The risk of the virus spreading through a house of worship is uniquely great, given that churchgoers are often packed like sardines into pews and doing activities such as praying, chanting and singing that can emit large blasts of infectious droplets from the mouth and nose. As of early July, more than 650 cases of the coronavirus were linked to 40 church and religious events across the U.S., according to the New York Times.
An overwhelming majority of U.S. adults agree that houses of worship should be subject to the same rules on gathering and physical distancing as other local businesses and organizations, according to an Aug. 7 report from the Pew Research Center. Evangelical Protestants showed the most support for giving churches flexibility, but even most of them — almost two-thirds — said houses of worship should follow the same rules.
Mirroring that data, most Maine congregations have avoided the risk of packed, in-person worship through some combination of limiting the attendance at indoor services, moving services outdoors and adopting video-conferencing programs that allow parishioners to worship from the safety of their own homes.
“We understand that part of what God is giving to us right now is an invitation to care for our neighbors,” said the Rt. Rev. Thomas James Brown, the bishop of the Episcopal Diocese of Maine. “One of the ways we can care for our neighbors is to do everything we can to slow and stop the spread of this virus. That means following every possible safety protocol.”
Brown said that the diocese has been working with its 59 churches and ministries across Maine to follow state guidelines laid out by Mills and Nirav Shah, director of the Maine Center for Disease Control and Prevention. “We are completely — all of us — committed to whatever the governor and Dr. Shah say,” he said.
Numerous other religious groups are also widely complying with the rules.

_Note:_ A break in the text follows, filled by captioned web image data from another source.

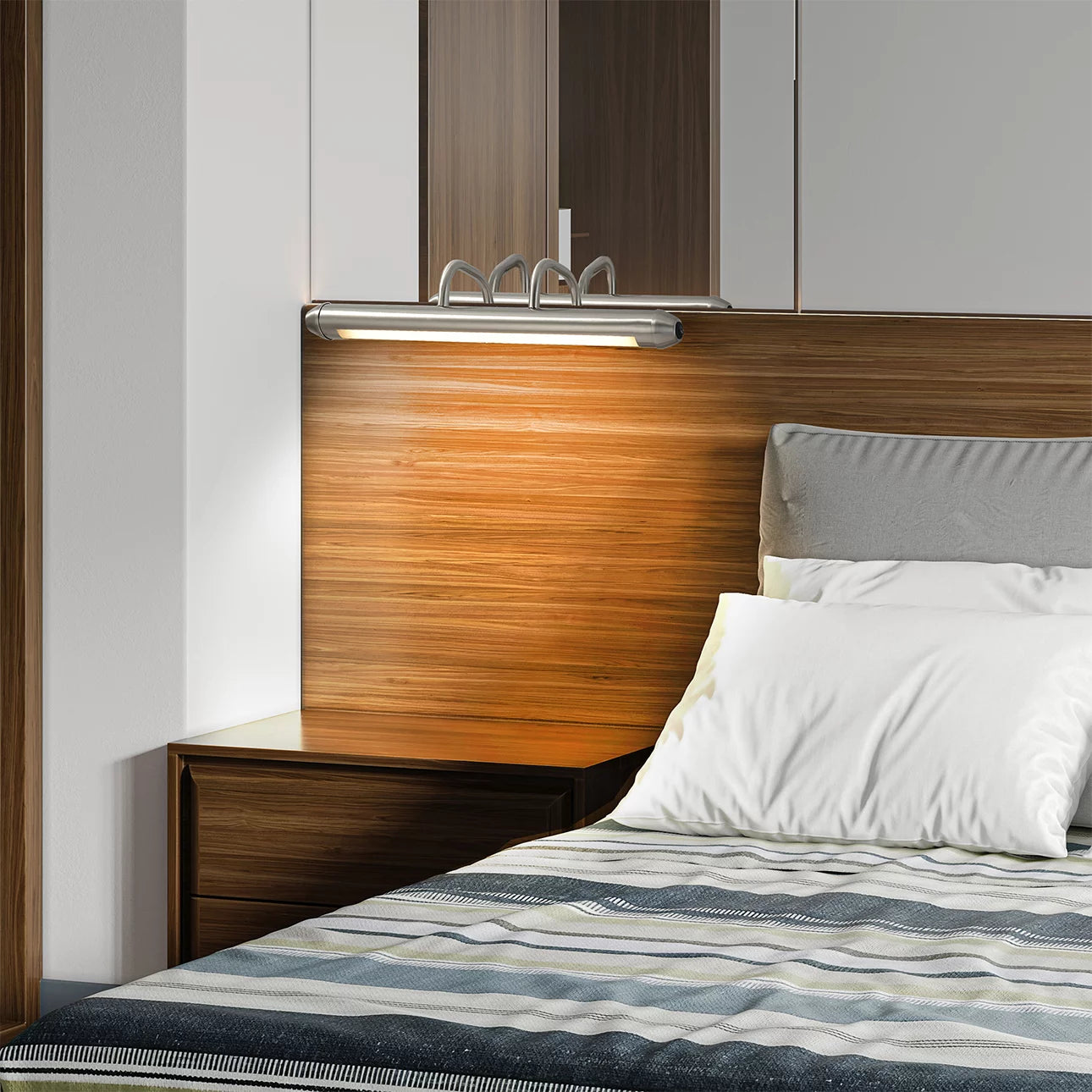 Bradley Bar Wall Light Wall/Cieling Lamp NOVA of California   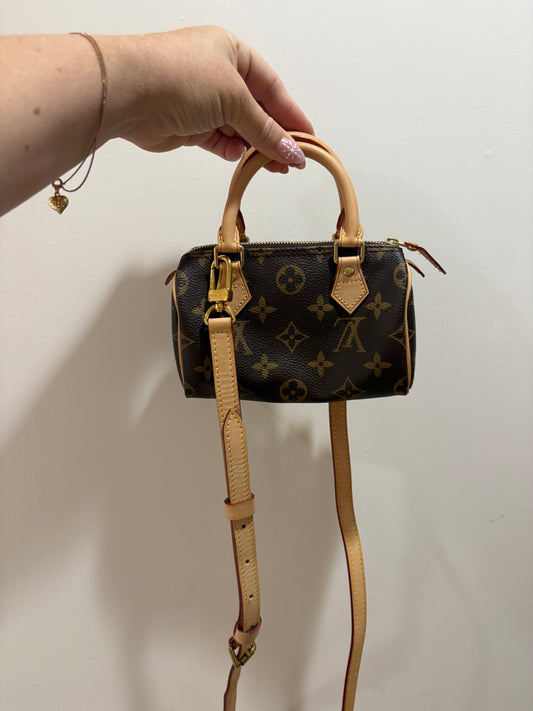 Louis Vuitton Nano Speedy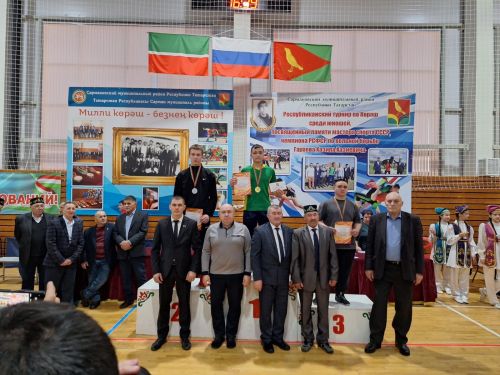 Бавлинские борцы среди победителей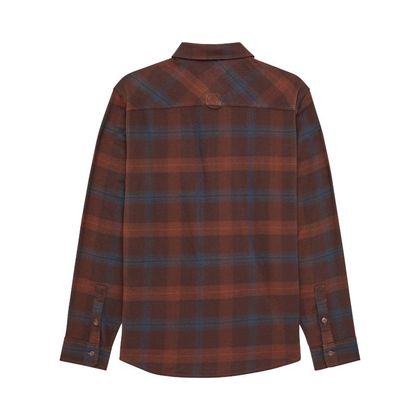 Fox SURVIVALIST CORE FLANNEL Shirt - Brown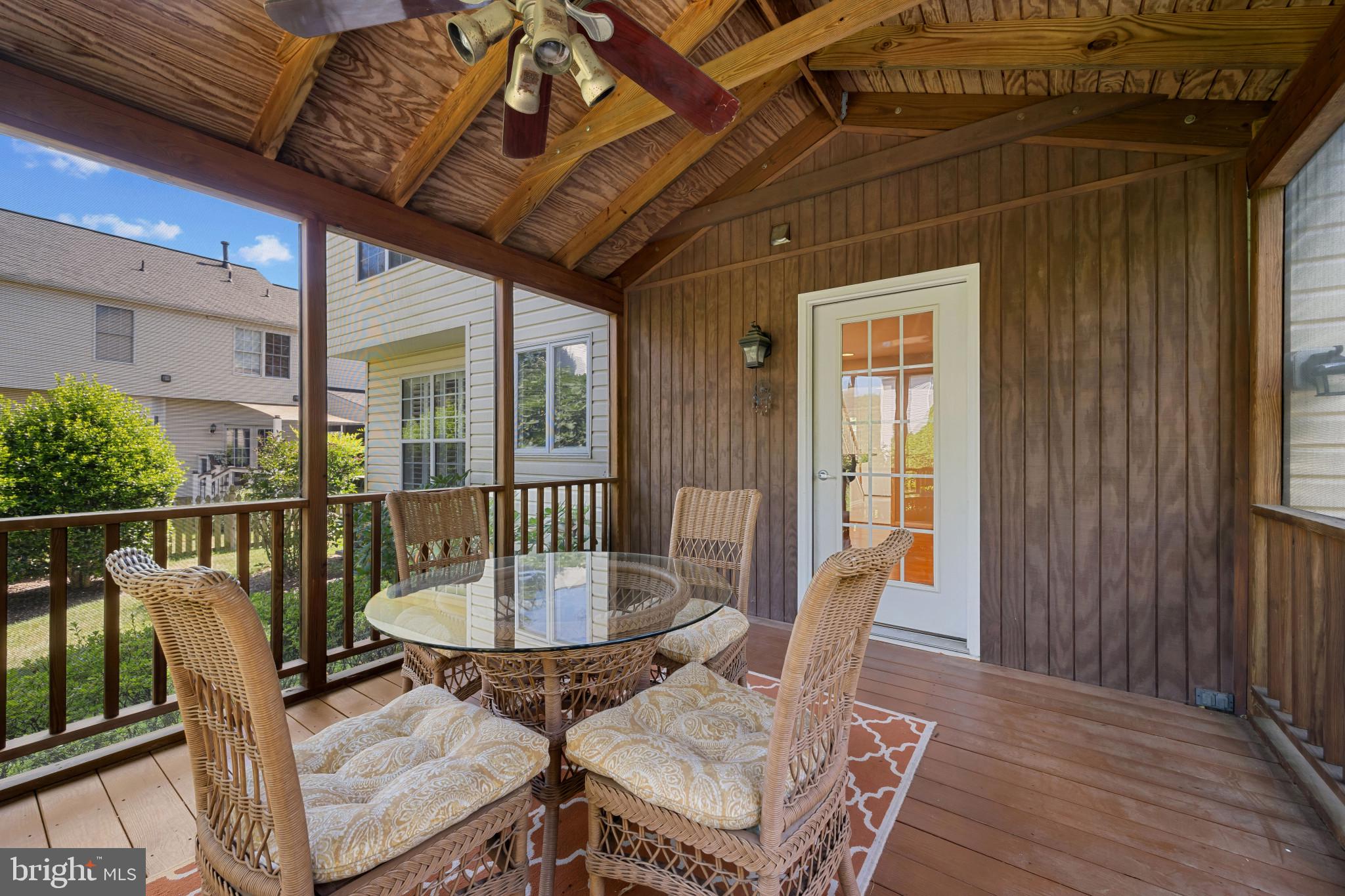 2603 Spartan Road Olney, MD 20832 - Photo 48 of 62 Screened Porch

All of Maine’s 141 Catholic churches “are following the state as well as additional diocesan protocols to maintain safety,” said Dave Guthro, spokesperson for the Roman Catholic Diocese of Portland.
Outside Christianity, a number of Jewish congregations are “very strictly following state guidelines,” with plans for virtual, outdoor or distanced services during the upcoming holidays of Rosh Hashanah and Yom Kippur, according to Trevor Geiger, marketing director for the Jewish Community Alliance of Southern Maine
And while the churches that have fought Mills’ restrictions are all evangelical, many of their counterparts do seem to be following those rules, according to Carroll Conley, executive director of the Christian Civic League of Maine.
On Friday, Conley surveyed the leaders of several Maine denominations — such as American Baptists, United Pentecostals and Church of God — who reported that “the vast majority” of their members “are conscientiously trying to comply” with the limits on in-person gatherings and social distancing, Conley said.
“I’m not saying there is not frustration or they may not agree, but the report from the nine or 10 denominations of evangelicals is they are compliant,” he said.
Based on the guidance from national organizations such as the Alliance Defending Freedom, the Christian Civic League of Maine is not currently recommending that its members use “civil disobedience” or legal challenges if they think that Maine’s restrictions infringe on their religious freedom, according to Conley.
“We’re not saying we would never do that,” he added.
Conley declined to address the specific health and safety threats that might come from Calvary Baptist Church holding in-person services and clearly flouting public health precautions even as some of its own members are sick or recovering from the coronavirus.
But he noted the real danger that’s posed by the coronavirus and said that Maine’s spiritual and governmental leaders are struggling to weigh those threats against the negative consequences for people who may rely on church to cope with mental health, substance use or other challenges.
“This is not a no-brainer,” he said. “I ask people to be gracious and pray for leaders trying to wrestle with both of these harmful things that we are facing.”